Question

vander Waal's gas equation may be expressed as

$Z=1+\frac{B}{V_m}+\frac{C}{V_m^2}+......$ where Vm= molar volume of gas. If B =-0.105Lmol$^{-1}$ and C=400ml$^2$ mol$^{-2}$ at 127°C the value of vander Waal constant 'a' (in atm L$^2$mol$^{-2}$) is (R = 0.08 L-atm/K-mol)

Answer 1

4

Answer 2

The van der Waals equation for one mole of gas is:

$(P + \frac{a}{V_m^2})(V_m - b) = RT$

To express this in the virial form, we first rearrange it to solve for P:

$P = \frac{RT}{V_m - b} - \frac{a}{V_m^2}$

Now, we introduce the compressibility factor Z:

$Z = \frac{PV_m}{RT}$

Substitute the expression for P into the equation for Z:

$Z = \frac{V_m}{RT} \left( \frac{RT}{V_m - b} - \frac{a}{V_m^2} \right)$

$Z = \frac{V_m}{V_m - b} - \frac{aV_m}{RT V_m^2}$

$Z = \frac{1}{1 - b/V_m} - \frac{a}{RTV_m}$

We use the binomial expansion for $(1-x)^{-1} = 1 + x + x^2 + x^3 + ......$ where $x = b/V_m$. Since $V_m$ is typically large for gases, $b/V_m$ is a small quantity.

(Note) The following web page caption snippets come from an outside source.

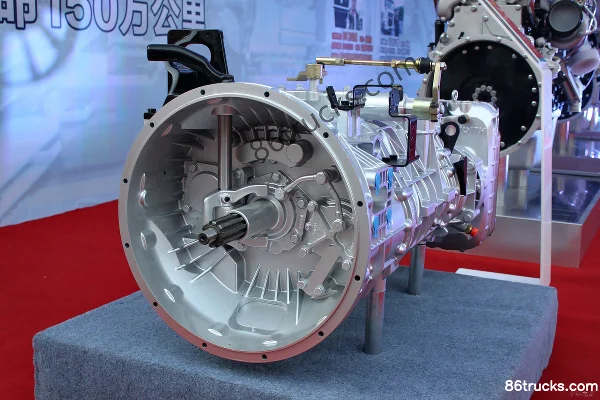 Sinotruk HW21716STL 16-Speed Manual Transmission Exterior (3) | 86Trucks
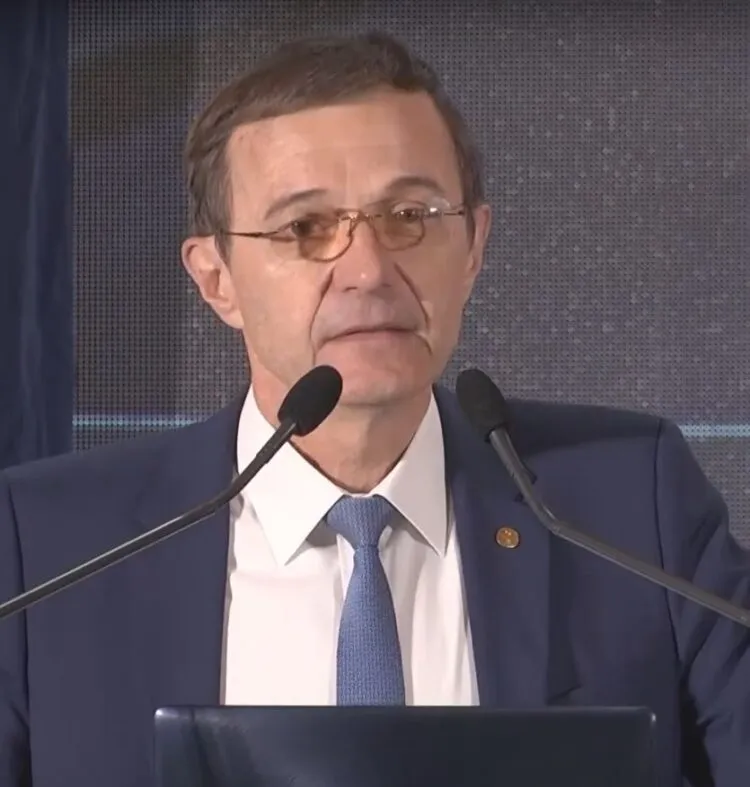 Academician Ioan Aurel Pop discută despre amenințările la adresa identității naționale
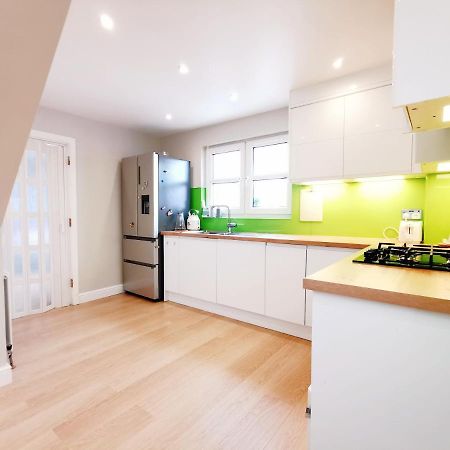 Modern And Spacious Double&King Bedrooms Both With Private Bathrooms Edinburgh Kültér fotó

So, $\frac{1}{1 - b/V_m} = 1 + \frac{b}{V_m} + \frac{b^2}{V_m^2} + \frac{b^3}{V_m^3} + ......$

Substitute this back into the expression for Z:

$Z = \left( 1 + \frac{b}{V_m} + \frac{b^2}{V_m^2} + \frac{b^3}{V_m^3} + ...... \right) - \frac{a}{RTV_m}$

Group terms by powers of $1/V_m$:

$Z = 1 + \left(b - \frac{a}{RT}\right)\frac{1}{V_m} + \frac{b^2}{V_m^2} + \frac{b^3}{V_m^3} + ......$

This is the virial equation of state. Comparing it with the given form:

$Z=1+\frac{B}{V_m}+\frac{C}{V_m^2}+......$

We can identify the second and third virial coefficients:

$B = b - \frac{a}{RT}$

$C = b^2$

Given values:

$B = -0.105 \text{ L mol}^{-1}$

$C = 400 \text{ mL}^2 \text{ mol}^{-2}$

Temperature $T = 127^\circ\text{C} = 127 + 273 = 400 \text{ K}$

Gas constant $R = 0.08 \text{ L-atm/K-mol}$

First, convert the unit of C from mL$^2$ to L$^2$:

$1 \text{ L} = 1000 \text{ mL}$

$1 \text{ mL} = 10^{-3} \text{ L}$

$C = 400 \text{ mL}^2 \text{ mol}^{-2} = 400 \times (10^{-3} \text{ L})^2 \text{ mol}^{-2} = 400 \times 10^{-6} \text{ L}^2 \text{ mol}^{-2} = 0.0004 \text{ L}^2 \text{ mol}^{-2}$

Now, use the equation for C to find the van der Waals constant 'b':

$b^2 = C$

$b = \sqrt{C} = \sqrt{0.0004 \text{ L}^2 \text{ mol}^{-2}}$

$b = 0.02 \text{ L mol}^{-1}$

Next, use the equation for B to find the van der Waals constant 'a':

$B = b - \frac{a}{RT}$

Rearrange to solve for 'a':

$\frac{a}{RT} = b - B$

$a = (b - B)RT$

Substitute the values of b, B, R, and T:

$a = (0.02 \text{ L mol}^{-1} - (-0.105 \text{ L mol}^{-1})) \times (0.08 \text{ L-atm/K-mol}) \times (400 \text{ K})$

$a = (0.02 + 0.105) \text{ L mol}^{-1} \times (0.08 \times 400) \text{ L-atm/mol}$

$a = (0.125) \text{ L mol}^{-1} \times (32) \text{ L-atm/mol}$

$a = \frac{1}{8} \times 32 \text{ atm L}^2 \text{ mol}^{-2}$

$a = 4 \text{ atm L}^2 \text{ mol}^{-2}$

The value of van der Waals constant 'a' is $4 \text{ atm L}^2 \text{ mol}^{-2}$.